Records for this task:
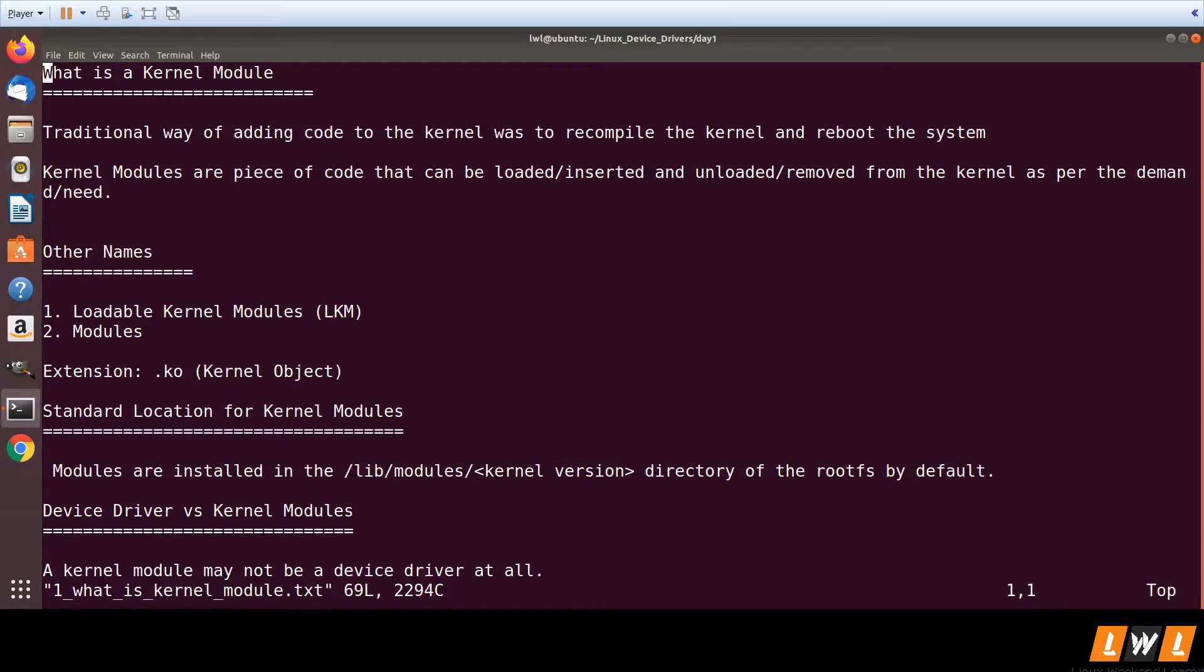In the initial days of kernel development, adding code to the kernel needs two steps. First we can recompile the kernel with the new code and then perform a reboot. So this was the traditional way of adding code to the kernel - we compile the kernel with the new changes and reboot the system.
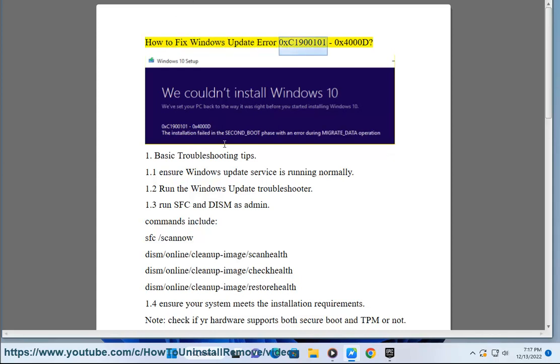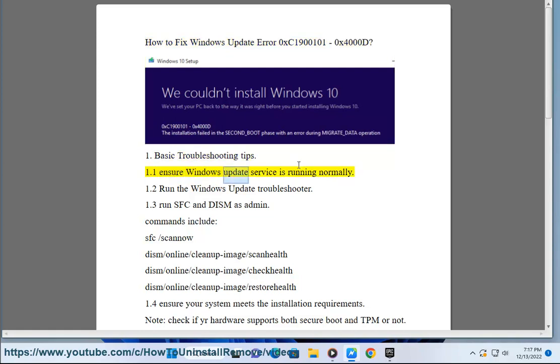How to fix Windows Update Error 0xC1900101 0x4000D. Basic Troubleshooting Tips.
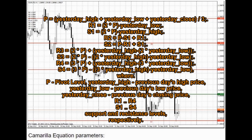S3 equals 2 * P - Yesterday's high + 2 * Yesterday's low. Where P is the pivot level. Yesterday's high is the previous day's high price. Yesterday's low is the previous day's low price. Yesterday's close is the previous day's closing price. R1 through R4 and S1 through S4 are support and resistance levels respectively.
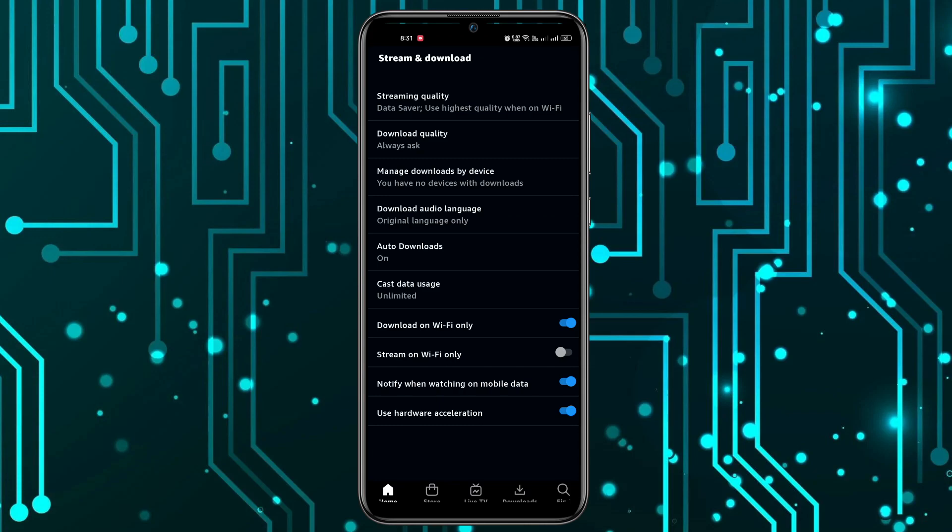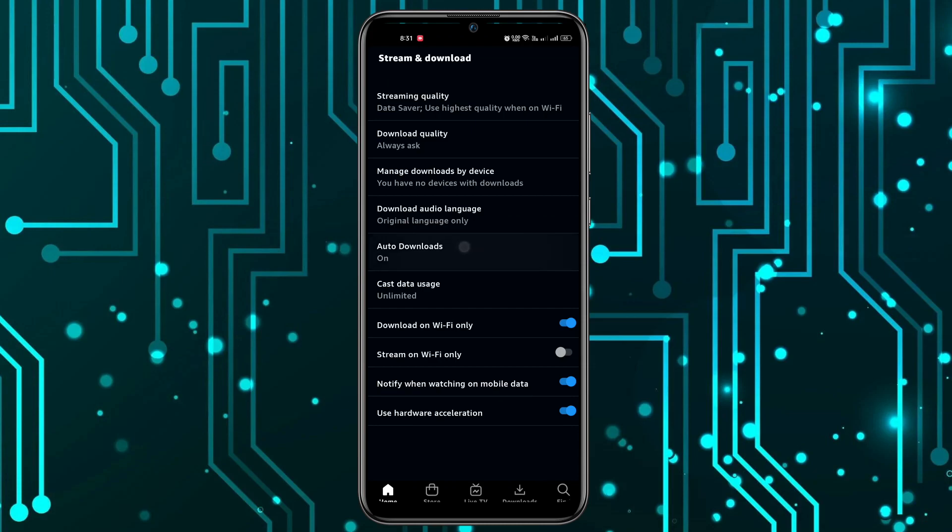Now in here, you can click on the Auto Downloads option right there. You can easily turn off the auto-download option here.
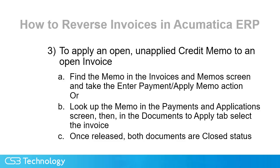Which takes us to the same place as if we start in the payment and application screen, look up the memo, and then once we're there in the payment and application screen with the credit memo, we can add the invoice in the documents to apply tab. Once we release the credit memo, both documents are in a closed status, and both documents show that they are applied to each other.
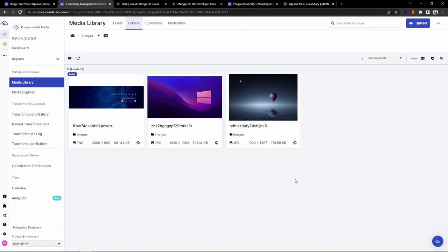That's all about the video guys. This is how we make use of the Cloudinary service to upload images and videos inside a MERN stack project. I hope you find this video helpful - do like and subscribe to the channel. Thank you for watching, we'll meet in the next video. Until then, take care, bye.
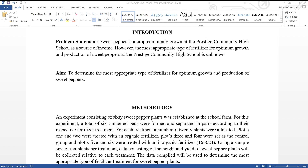It is important to choose the right parameters in order to fulfill the objectives laid out in the aim. In our example, the aim is to determine the most appropriate type of fertilizer for optimum growth and production of sweet peppers. Therefore, the appropriate parameter we can measure is yield. Other parameters such as fruits, height of plant, and number of flowers can go along as parameter number two.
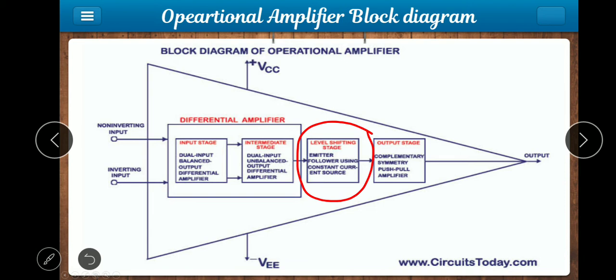A capacitor does not allow DC voltage to pass, and a transformer also does not allow DC voltage. The DC voltage is therefore filtered out. However, in an IC, the size is very small, so coupling components — which are large in size — cannot be used. Therefore, direct coupling is used, which allows DC voltage to pass from one stage to the next.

Task instructions:
Copy every line above word for word and exclude the pictures.

Problem solution:
In the initial days of kernel development, adding code to the kernel needs two steps. First we can recompile the kernel with the new code and then perform a reboot. So this was the traditional way of adding code to the kernel - we compile the kernel with the new changes and reboot the system.
How to fix Windows Update Error 0xC1900101 0x4000D. Basic Troubleshooting Tips.
S3 equals 2 * P - Yesterday's high + 2 * Yesterday's low. Where P is the pivot level. Yesterday's high is the previous day's high price. Yesterday's low is the previous day's low price. Yesterday's close is the previous day's closing price. R1 through R4 and S1 through S4 are support and resistance levels respectively.
Now in here, you can click on the Auto Downloads option right there. You can easily turn off the auto-download option here.
Which takes us to the same place as if we start in the payment and application screen, look up the memo, and then once we're there in the payment and application screen with the credit memo, we can add the invoice in the documents to apply tab. Once we release the credit memo, both documents are in a closed status, and both documents show that they are applied to each other.
That's all about the video guys. This is how we make use of the Cloudinary service to upload images and videos inside a MERN stack project. I hope you find this video helpful - do like and subscribe to the channel. Thank you for watching, we'll meet in the next video. Until then, take care, bye.
It is important to choose the right parameters in order to fulfill the objectives laid out in the aim. In our example, the aim is to determine the most appropriate type of fertilizer for optimum growth and production of sweet peppers. Therefore, the appropriate parameter we can measure is yield. Other parameters such as fruits, height of plant, and number of flowers can go along as parameter number two.
A capacitor does not allow DC voltage to pass, and a transformer also does not allow DC voltage. The DC voltage is therefore filtered out. However, in an IC, the size is very small, so coupling components — which are large in size — cannot be used. Therefore, direct coupling is used, which allows DC voltage to pass from one stage to the next.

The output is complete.